As Public Pensions Pile on More Risk, Returns Fail to Keep Pace

Article From By Martin Z Braun

May 6, 2019, 3:36 PM EDT


Ø  Allocations to stocks and alternatives rise to almost 80%

Ø  Median pension returned 6.4% from 2001 to 2017, Fitch says

Riskier assets like private equity, real estate and hedge funds haven’t provided a magic bullet for state and local government pensions seeking to cover trillions in retirement benefits for aging workers.

While public pensions have boosted their average allocation to high-risk equities and so-called alternatives to almost 80 percent, the median fund fell short of the 7- to 8 percent returns they count on each year to pay the ballooning costs of benefits. As they take on more risk, states and local governments are increasing their exposure to market volatility and the risk of contribution spikes in a market downturn.

“When you look at real estate, commodities and hedge funds, their performance has been in line with stocks, for some of them even worse," said Olu Sonola, a Fitch analyst and one of the authors of the report. “The only exception to that is private equity."

Stock market volatility and persistently low interest rates are raising questions about how state and local pensions can manage through market turmoil, aging populations and rising fixed costs for retiree healthcare. The combined shortfall for state and local pensions exceeds $2 trillion, according to Moody’s Investors Service.

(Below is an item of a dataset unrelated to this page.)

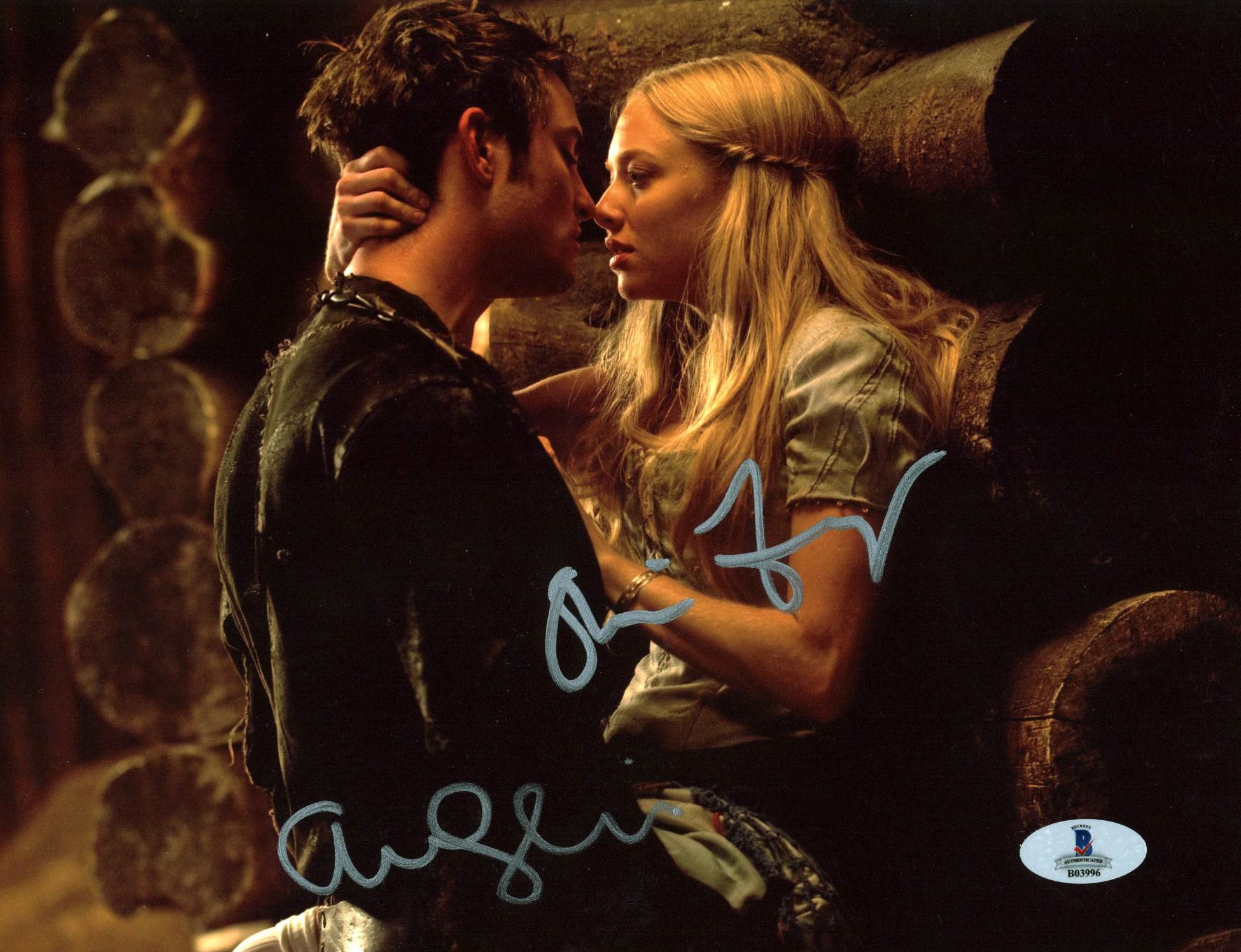 Amanda Seyfried & Shiloh Fernandez Red Riding Hood Signed 8X10 Photo BAS #B03996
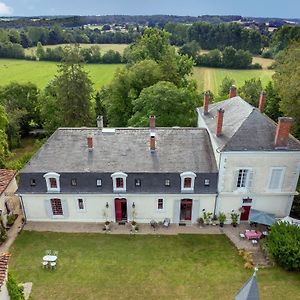 Chateau De Gouyas Bed and Breakfast Montagrier Exterior photo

If the funds fail to meet investment targets that average about 7.5 percent annually, governments will need to make up the difference with higher payments, or cuts to services, to keep from losing ground.

Public pensions returned a median 6.2 percent for the 10 years between 2008 and 2017 and 6.4 percent between 2001 and 2017, Fitch said.

Average allocations to equities and alternative investments increased to 77 percent from 67 percent, while lower-risk fixed income and cash declined to 23 percent from 33 percent, according to a report Monday from Fitch Ratings.

As of 2017, Arizona’s allocation to equities and alternatives of approximately 86% was the highest among the states, while South Dakota’s 66 percent allocation to equities and alternatives was lowest.